4. Quantifizierung der T-Zell Transinfection durchflusszytometrisch

Hinweis: Abbildung 2 zeigt diesen Schritt.

  1. T-Zell-Transinfection
    1. Infizieren BMDCs, wie in Schritt 1.3, sondern verwenden GFP exprimierenden Bakterien in diesem Fall.
    2. Flecken CD4 + T-Zellen (aus Lymphknoten isoliert in Schritt 2.2) mit einem Zellenverfolger Chlor Aminocumarin (CMAC) für 30 min bei 37 ºC nach dem Protokoll des Herstellers.
    3. Waschen markierten CD4 + T-Zellen zweimal mit RPMI 10% FBS (ohne Antibiotika).
    4. Inkubieren infizierten DCs (nach 1 Stunde Inkubation mit Bakterien) mit markierten CD4 +T-Zellen für 30 min, um Immunsynapsenbildung bei 37 ºC einschließlich aller Kontrollen Erläuterung in Schritt 3.1.1 ermöglichen.
  2. Färbung infizierter CD4 + T-Zellen
    1. Nach 30 min DC-T Immunsynapsenbildung, sammeln Zellen und waschen Sie sie in PBS / BSA / EDTA.
    2. Nach zweimaligem Waschen mit PBS / BSA / EDTA-Puffer, separate aggregierte Zellen durch vorsichtiges Vortexen der Röhren.
    3. Fixieren die Proben in 0,2 ml / Röhrchen PBS, das 3% PFA für 15 min bei RT. Dann waschen Sie sie in PBS.

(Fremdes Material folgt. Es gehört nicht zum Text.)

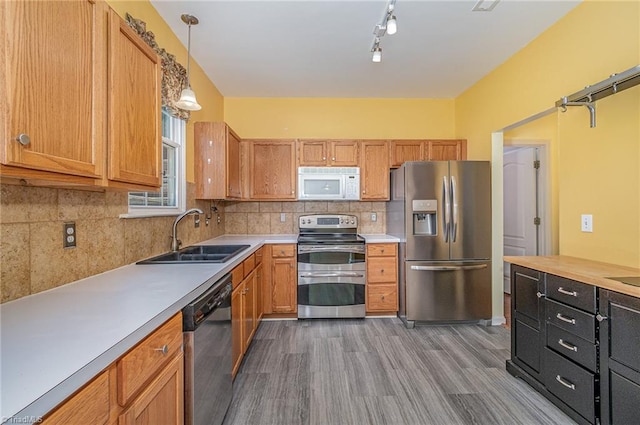 kitchen with a sink, backsplash, wood finished floors, stainless steel appliances, and light countertops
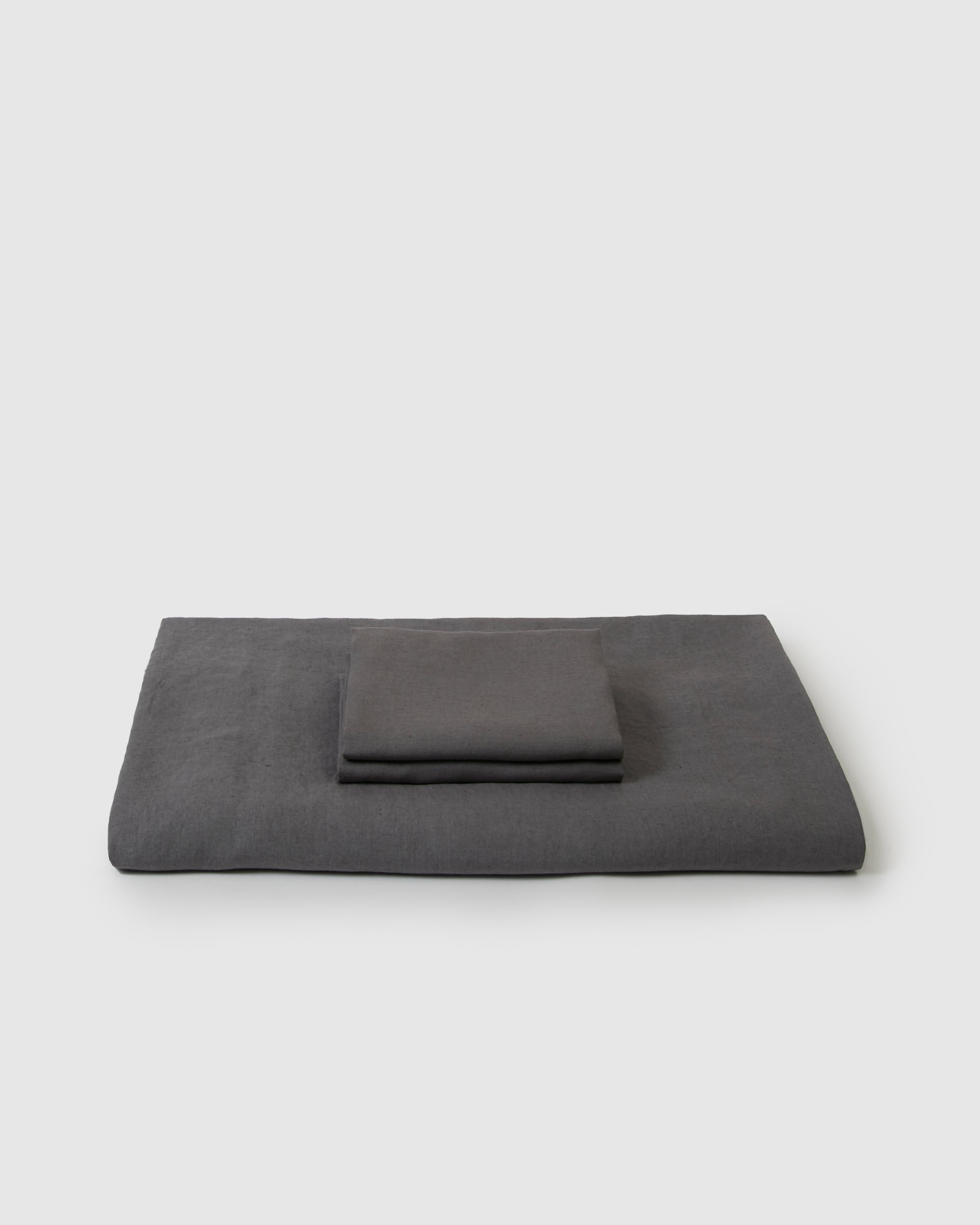 Side angle shot of linen duvet cover and pair of pillowcases in storm dark gray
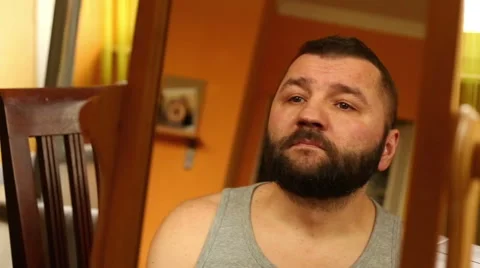 Man stroking his bread  Stock Footage 61303382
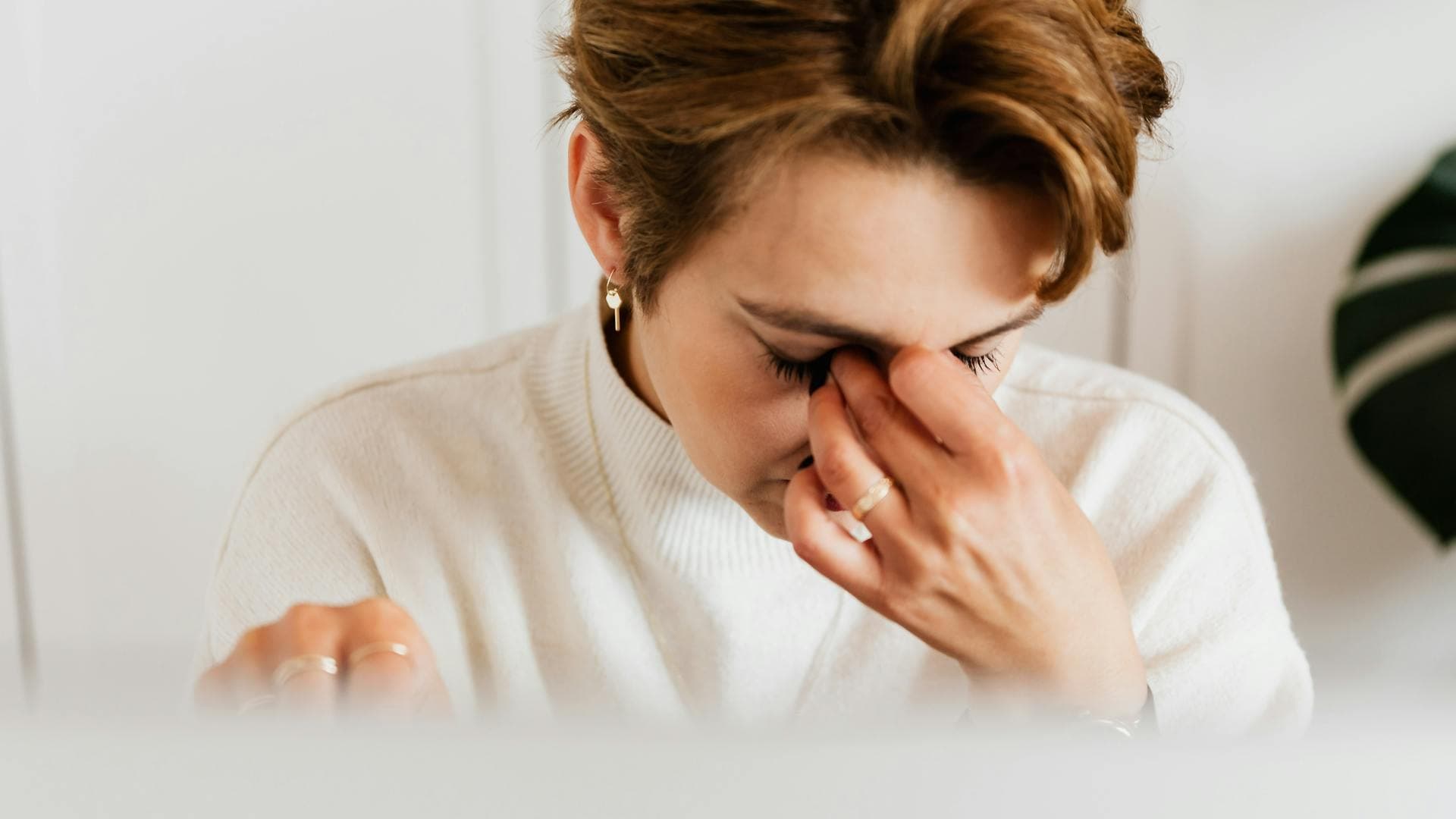 Close-up of a woman rubbing her eyes in fatigue, conveying the physical toll of chronic stress and sleep deprivation on the body — from Nghê Prana, a Hoi An riverside hotel and wellness spa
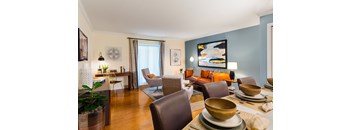 A living room with a brown chair and a table with bowls on it.
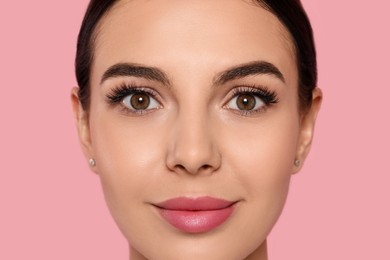 Beautiful young woman with long eyelashes on pink background, closeup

    4. Inkubieren mit Anti-Maus-CD16 / CD32-monoklonalen Antikörpers (2,5 ug / ml) in 50 ul / Probe von PBS / BSA / EDTA für 15 min auf Eis an Fc-Rezeptoren von dendritischen Zellen blockieren.
    5. Hinzufügen eines Kaninchen-Anti-Bakterien-Antikörper (10 ug / ml als Endkonzentration) in 50 ul / Probe von PBS / BSA / EDTA für 30 Minuten auf Eis, um extrazelluläre Bakterien zu färben.

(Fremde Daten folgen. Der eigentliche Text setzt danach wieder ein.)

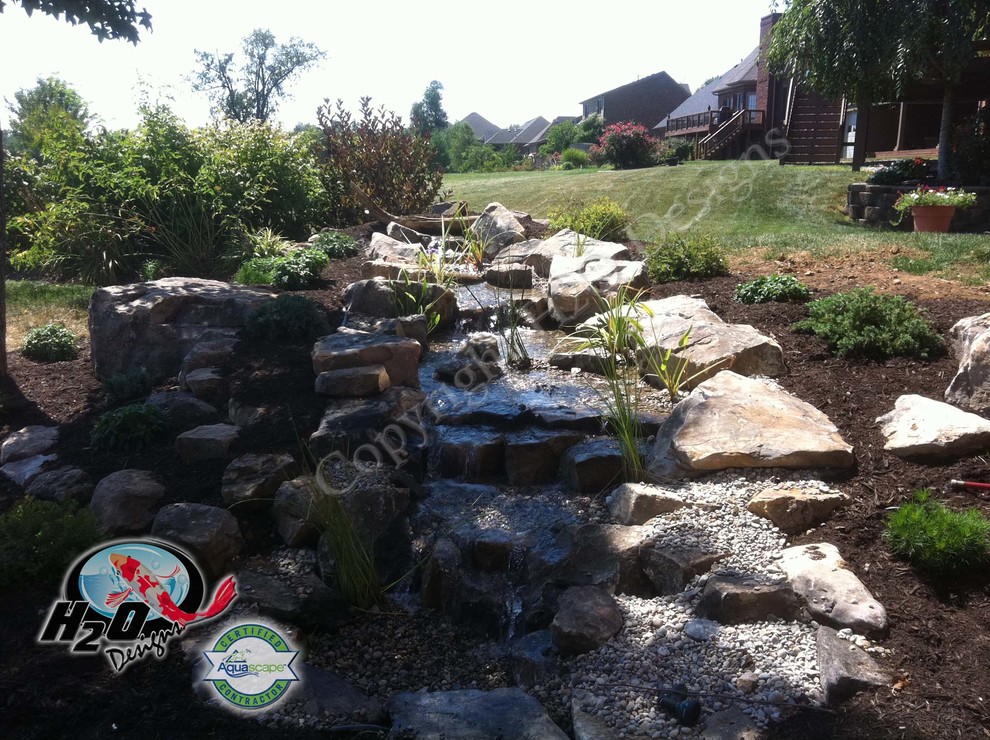 This is an example of a large eclectic backyard shaded garden in Louisville with a water feature and mulch.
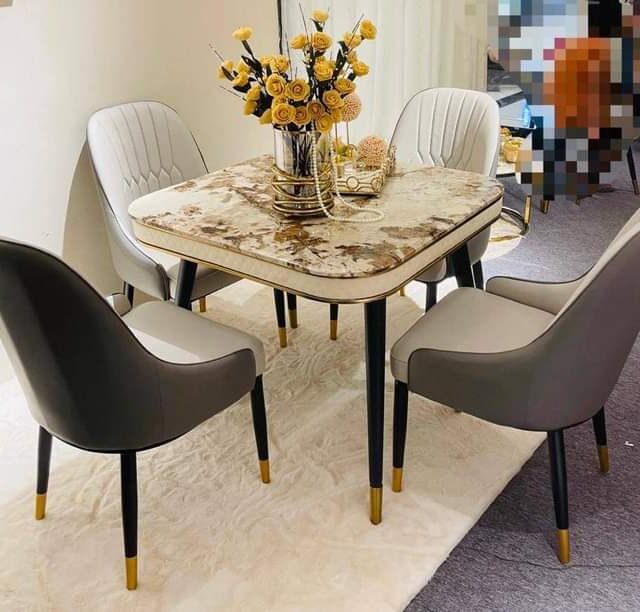 Dinning table by 6and 4 chair for sale in ojo Alaba international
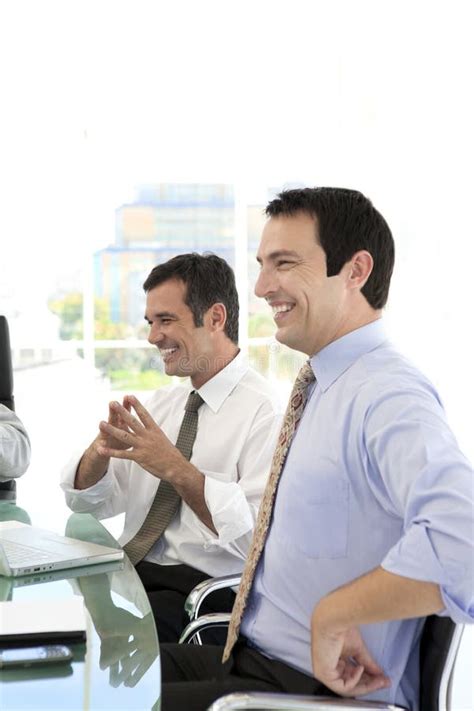 Business Executives Having Fun At A Meeting Stock Photo Image Of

    6. Wasche die Zellen mit PBS / BSA / EDTA und Inkubation mit einem Antikörper gegen den Maus-CD11c mit Phycoerythrin (PE) konjugiert, und eine sedäre Antikörper gegen Kaninchen mit anderen Fluorochrom wie Alexa-Fluor 647 konjugiert bei 1: 200 in 100 ul / Probe von PBS / BSA / EDTA für 30 Minuten auf Eis.
    7. Wash-Zellen und Analyse von Proben mittels Durchflusszytometrie. Nicht zu vergessen, eine Probe des transinfected T-Zellen unter Verwendung nicht-fluoreszierenden Bakterien als negative Kontrolle und Proben mit nur einem der einzelnen Fluorochrom in dem Experiment verwendet, um die Proben zu kompensieren und die Durchflusszytometrie Einstellungen 25 einzustellen markierten enthalten. Repräsentative Analyse ist in 5 gezeigt.

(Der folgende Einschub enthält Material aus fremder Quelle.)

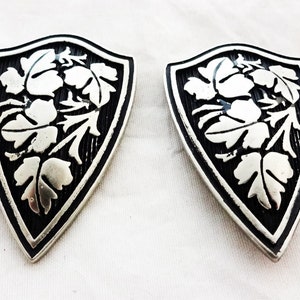 May include: A pair of silver and black shield-shaped earrings with a floral design.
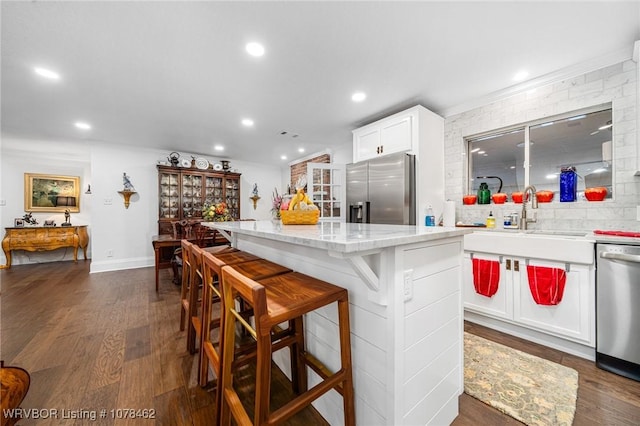 kitchen with white cabinets, a kitchen island, sink, a breakfast bar, and stainless steel appliances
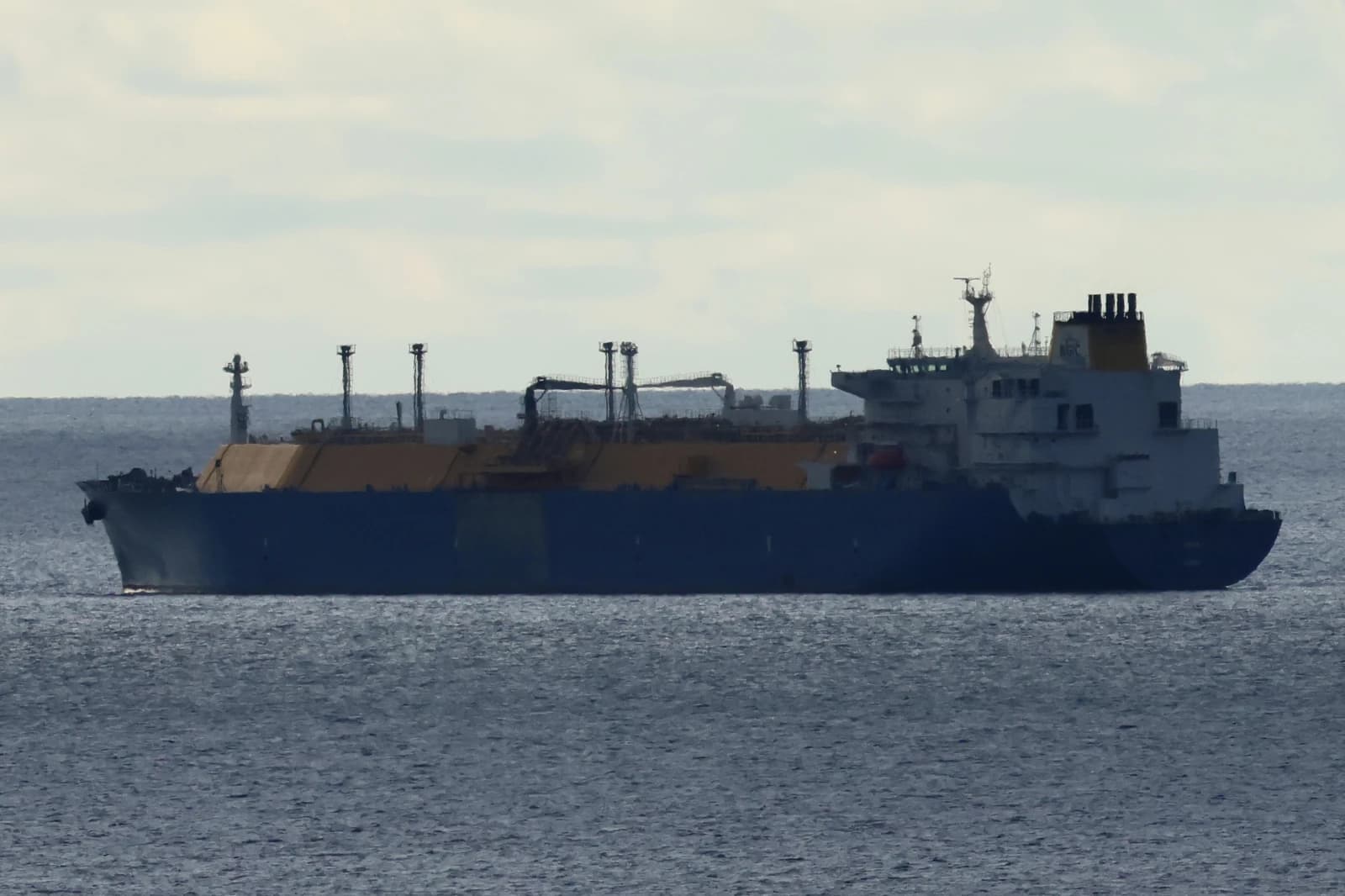 LNG tanker ARKAT sailing on open water under a cloudy sky.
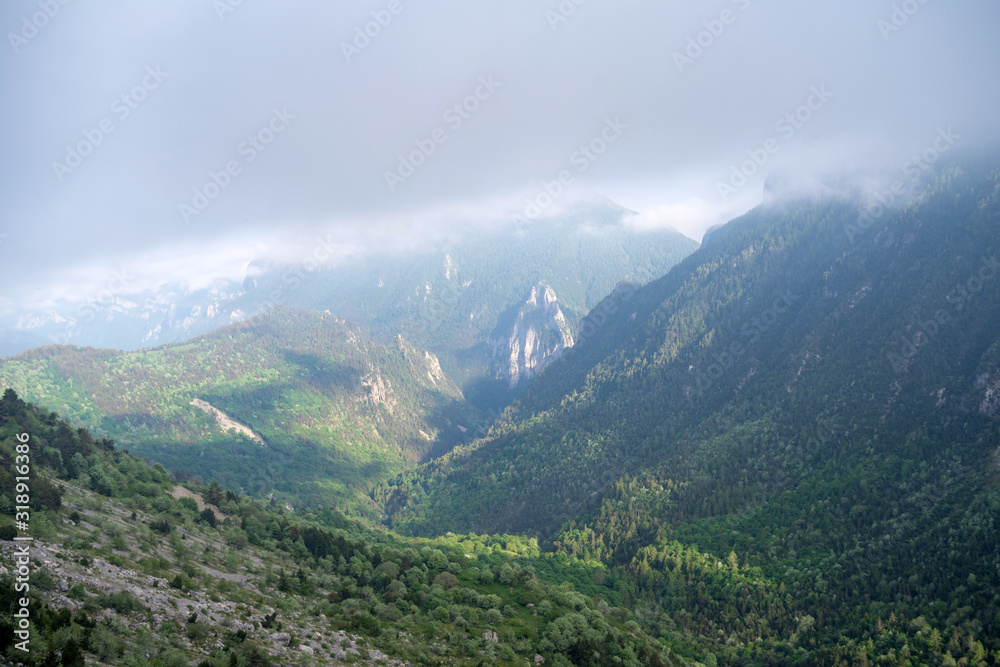 Fototapeta premium Fog revealing the mountain range, Ligurian Alps, northwestern Italy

      Hinweis: Wenn Bakterien nicht GFP zum Ausdruck bringen, den intra- und extrazellulären Bakterien, Label extrazellulären Bakterien, die mit Triton X-100 bei 0,5% in PBS für 5 min zu unterscheiden, zu beheben, und permeabilisieren Proben. Anschließend färben Gesamt Bakterien (intrazelluläre + extrazellulären) mit einem anderen Fluorochrom.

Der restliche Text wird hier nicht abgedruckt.